TASK = Reproduce the listing below exactly, minus its pictures.
##############################
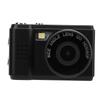 Micro DV Camera DVR Camcorder 1080P OTG Video Recorder 0.96in HD TFT Screen Fun Cam for Kids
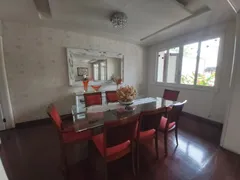 Casa de Condomínio com 4 Quartos à venda, 660m² no Barra da Tijuca, Rio de Janeiro - Foto 13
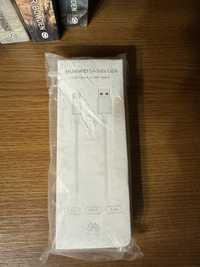 Huawei 5A Data Cable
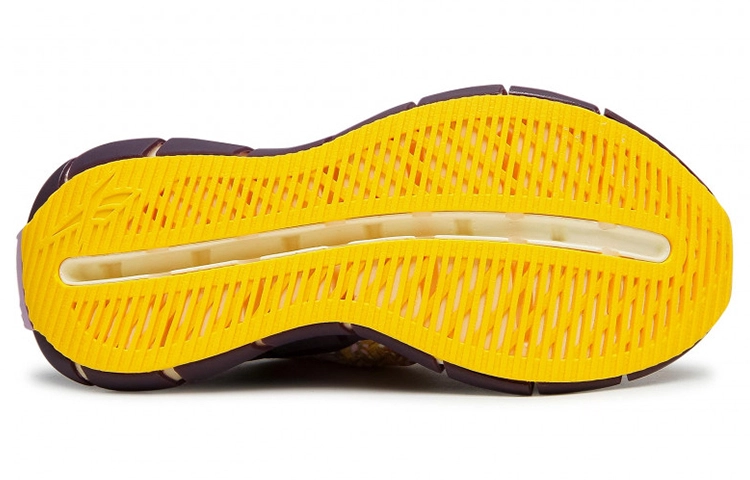 Reebok Zig Kinetica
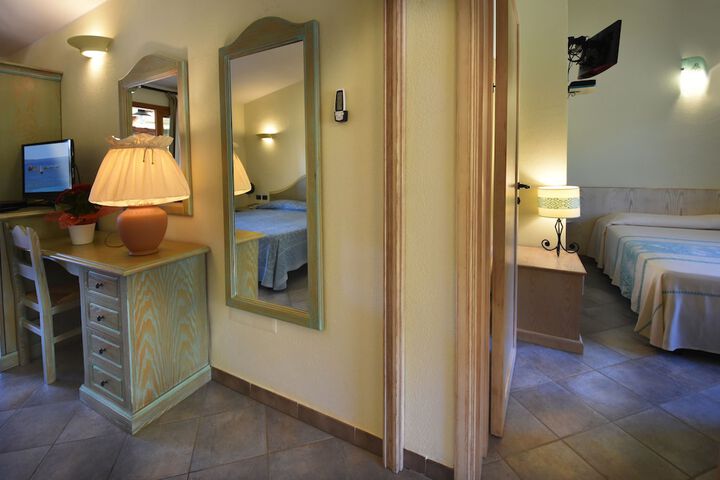 Room 18 of 71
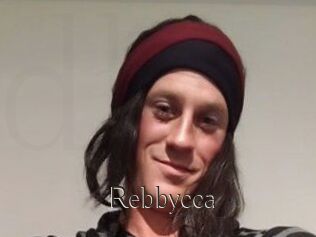 Rebbycca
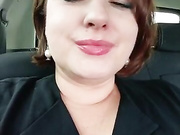 Онлайн-эровидеочат с lustful-mom на BongaCams 2022-09-06 10_18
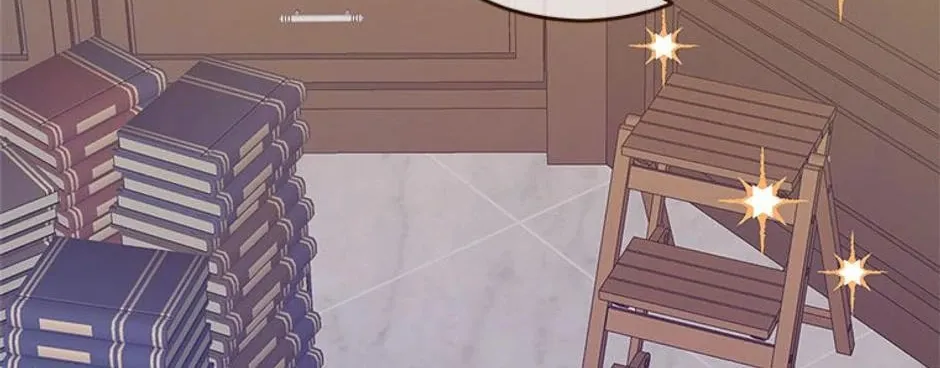 Who's the Baby's Father? Chapter 51 page 28 - 
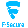 🖼️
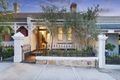 Property photo of 4 Piper Street Annandale NSW 2038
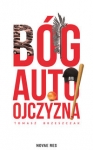 bog-auto-ojczyzna.jpg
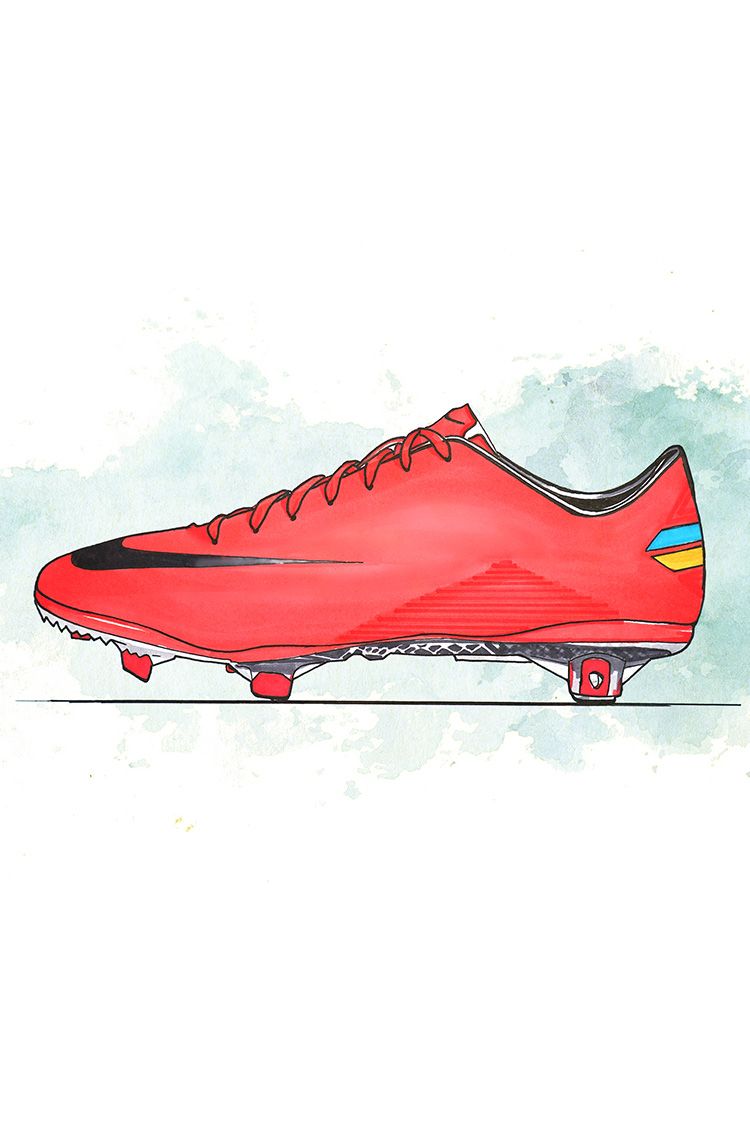 Mercurial: 20 años de historia Mercurial: 20 años de historia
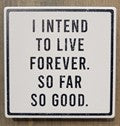 Load image into Gallery viewer, Coasters with Funny Sayings
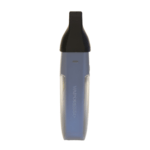 Protection pour XR Max – Image 2
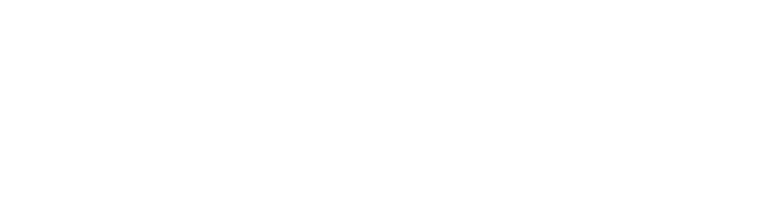 Ciclo da Truta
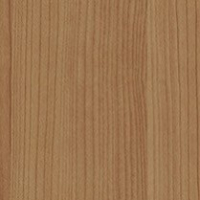 Classic Maple
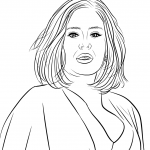 Adele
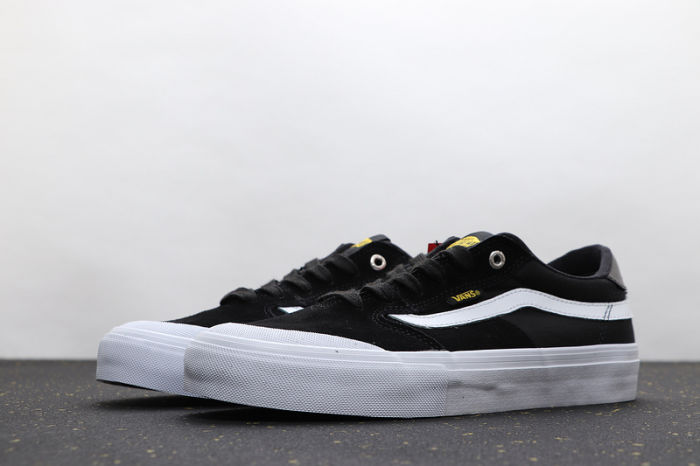 Classic Canvas Shoes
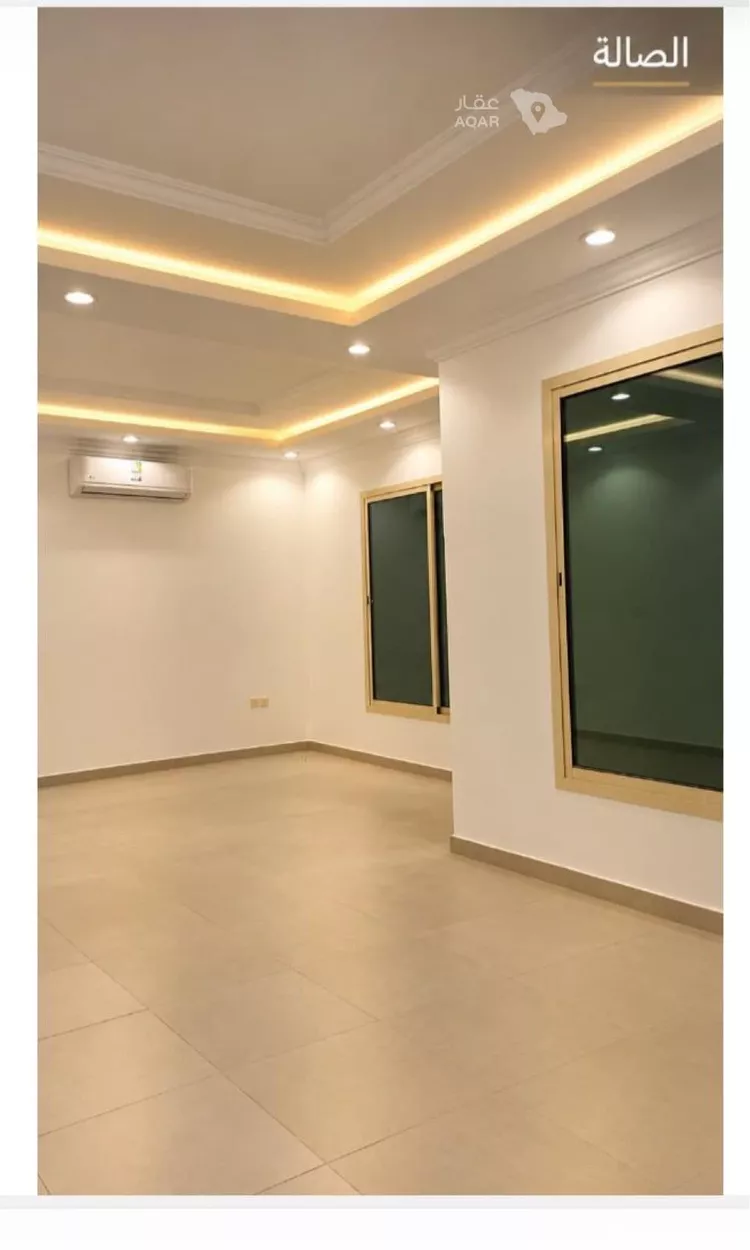 Villa for Rent in Riyadh Al Arid 9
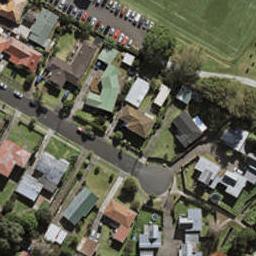 6C Wilmshurst Avenue, Papatoetoe, Auckland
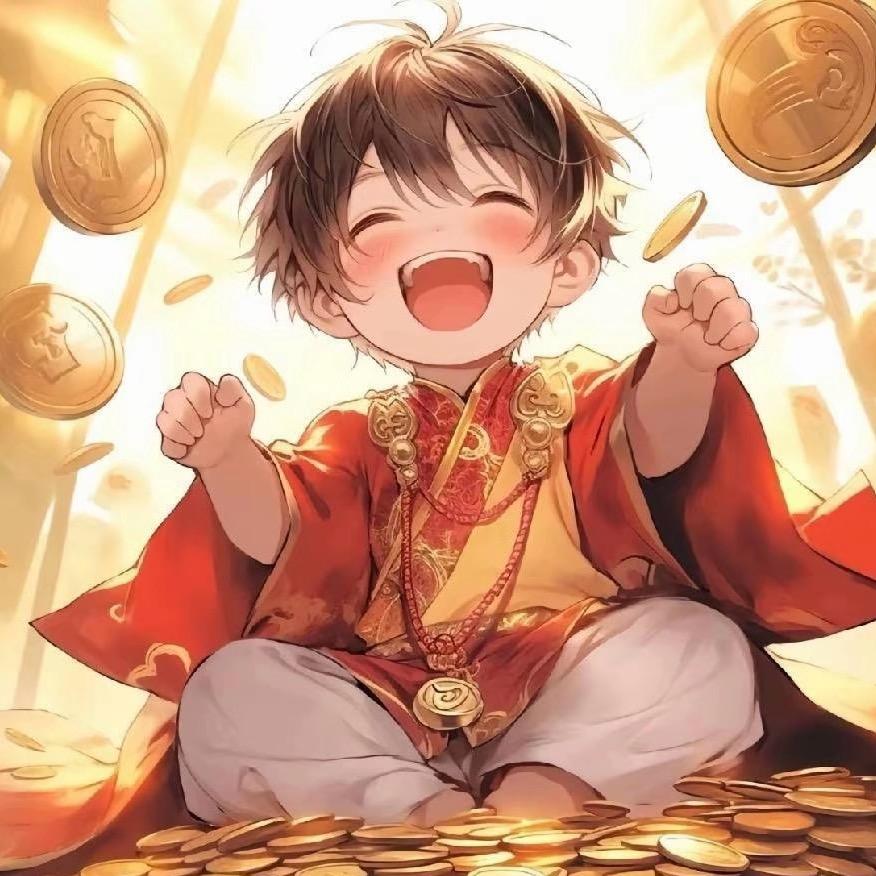 落子无悔°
##############################
SOLUTION TO THIS PROBLEM =
 Micro DV Camera DVR Camcorder 1080P OTG Video Recorder 0.96in HD TFT Screen Fun Cam for Kids
 Casa de Condomínio com 4 Quartos à venda, 660m² no Barra da Tijuca, Rio de Janeiro - Foto 13
 Huawei 5A Data Cable
 Reebok Zig Kinetica
 Room 18 of 71
 Rebbycca
 Онлайн-эровидеочат с lustful-mom на BongaCams 2022-09-06 10_18
 Who's the Baby's Father? Chapter 51 page 28 - 
 🖼️
 Property photo of 4 Piper Street Annandale NSW 2038
 bog-auto-ojczyzna.jpg
 Mercurial: 20 años de historia Mercurial: 20 años de historia
 Load image into Gallery viewer, Coasters with Funny Sayings
 Protection pour XR Max – Image 2
 Ciclo da Truta
 Classic Maple
 Adele
 Classic Canvas Shoes
 Villa for Rent in Riyadh Al Arid 9
 6C Wilmshurst Avenue, Papatoetoe, Auckland
 落子无悔°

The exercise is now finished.